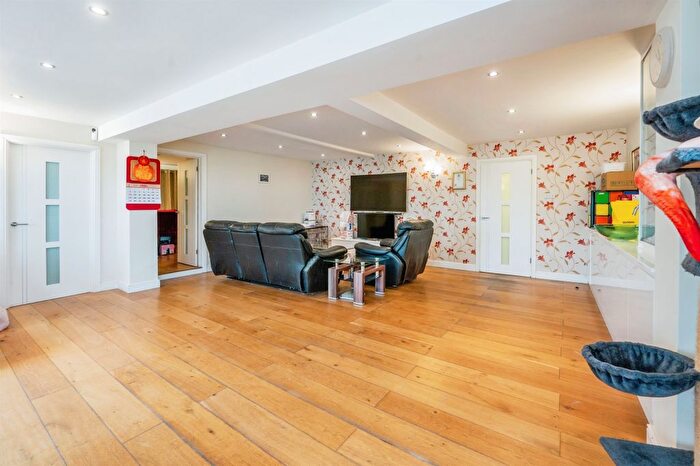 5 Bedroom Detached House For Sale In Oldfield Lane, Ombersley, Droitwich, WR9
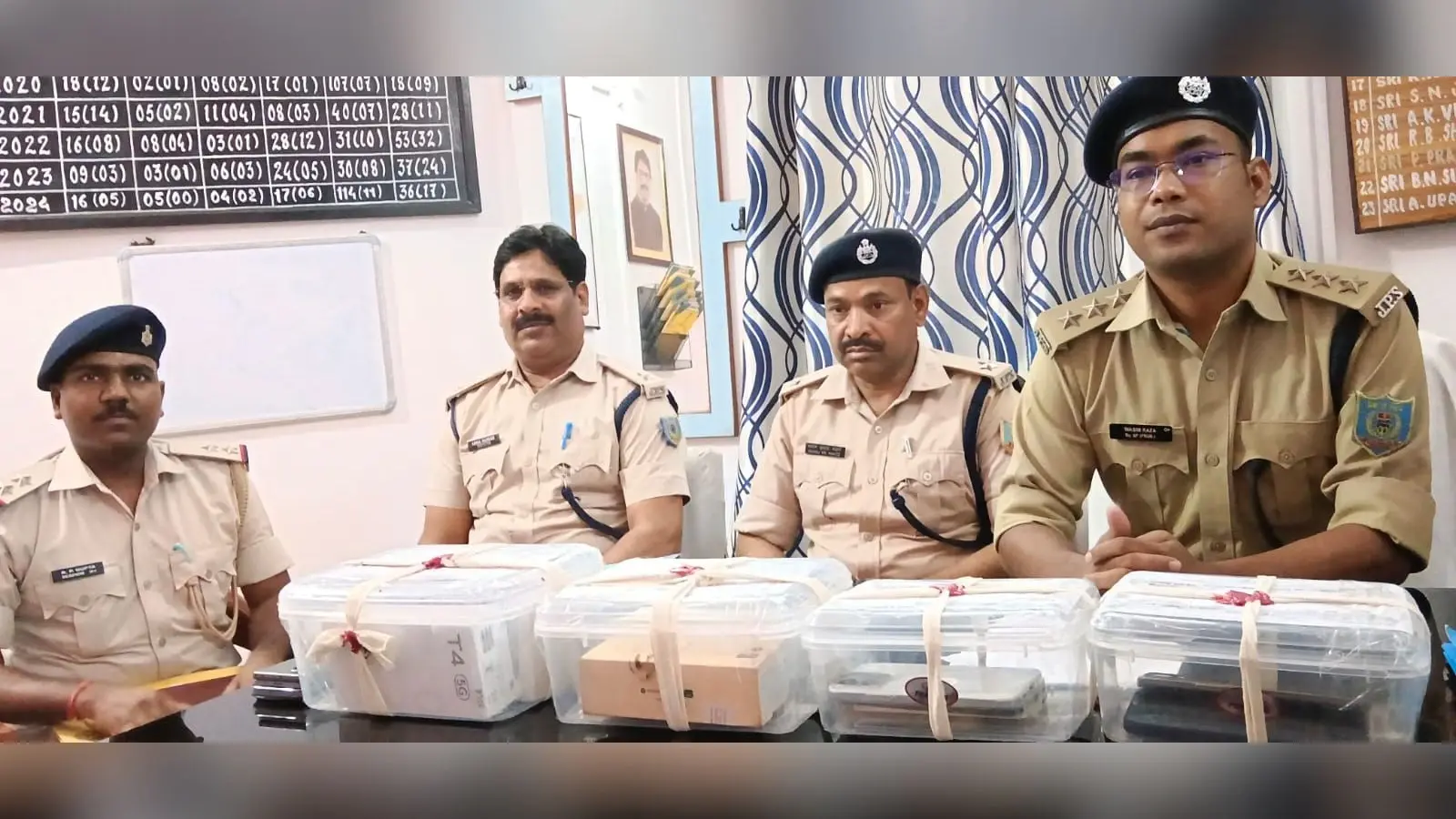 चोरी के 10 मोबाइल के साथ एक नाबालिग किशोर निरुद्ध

* * *

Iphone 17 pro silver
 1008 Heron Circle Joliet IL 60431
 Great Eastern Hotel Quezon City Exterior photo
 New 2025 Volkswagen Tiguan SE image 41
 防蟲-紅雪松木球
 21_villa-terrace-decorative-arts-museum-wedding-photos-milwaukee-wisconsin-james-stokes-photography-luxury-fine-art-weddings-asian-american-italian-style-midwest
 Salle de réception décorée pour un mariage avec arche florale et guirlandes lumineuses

### Work to be completed
Range to copy from the records above: the line containing "5 Bedroom Detached" to the line containing "चोरी के 10 मोबाइल", both included. Output those lines exactly and only those, skipping pictures.

### Result of the exercise
 5 Bedroom Detached House For Sale In Oldfield Lane, Ombersley, Droitwich, WR9
 चोरी के 10 मोबाइल के साथ एक नाबालिग किशोर निरुद्ध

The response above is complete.